Chinese Hackers Were Behind SolarWinds Serv-U SSH 0-Day Attack – Microsoft says
Microsoft has shared the technical details about a now-fixed, actively exploited critical security vulnerability which was affecting SolarWinds Serv-U managed file transfer service that it has attributed with “high confidence” to a threat actor operating out of the Republic of China.
In mid-July, the Texas-based company remedied a remote code execution flaw (CVE-2021-35211) that was rooted in Serv-U’s implementation of the Secure Shell (SSH) protocol, which could be easily used by attackers to run arbitrary code on the infected system, including the ability to install malicious programs and view, change, or delete sensitive and important data.
“The Serv-U SSH server is subject to a pre-auth remote code execution vulnerability that can be easily and reliably exploited in the configuration set by default,” Microsoft Offensive Research and Security Engineering team said in a detailed write-up describing the exploit used by the hackers.
“An attacker can simply exploit this vulnerability by connecting to the open SSH port and sending a malformed pre-auth connection request.
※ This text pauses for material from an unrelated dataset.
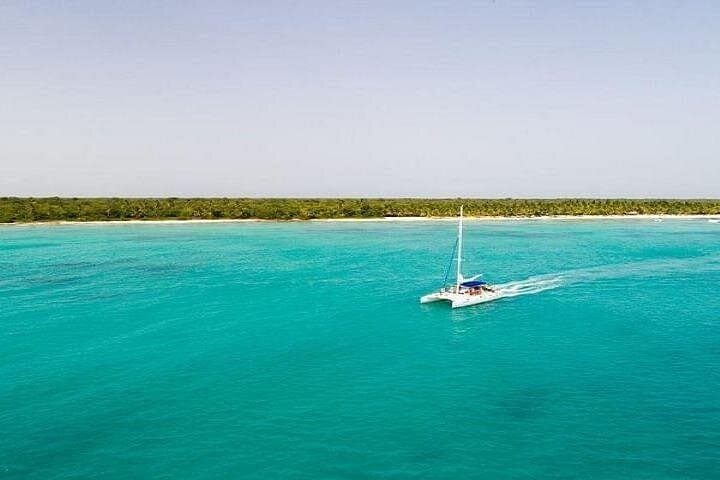 Sailing to Saona Island: Full-Day Catamaran Cruise with Lunch from Punta Cana photo 4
When successfully exploited, the vulnerability could then let the attacker to easily install or run programs, such as in the case of the targeted attack we had reported before,” the researchers added.
While Microsoft linked the attacks to DEV-0322, a China-based collective citing “observed victimology, tactics, and procedures,” the company has now revealed that the remote, pre-auth vulnerability was created due to the way in which the Serv-U process handled access violations without terminating the process, thereby making it simple to execute stealthy and profitable exploitation attempts.
“The exploited vulnerability was caused by the way Serv-U initially created an OpenSSL AES128-CTR context,” the researchers said. “This, helped the attackers to use uninitialized data as a function pointer during the decryption of successive SSH messages.”
“Therefore, an attacker could easily exploit this vulnerability by connecting to the open SSH port and sending a malformed pre-auth connection request. We also discovered that the attackers were likely using DLLs compiled without Address Space Layout Randomization (ASLR) loaded by the Serv-U process to facilitate exploitation,” the researchers added.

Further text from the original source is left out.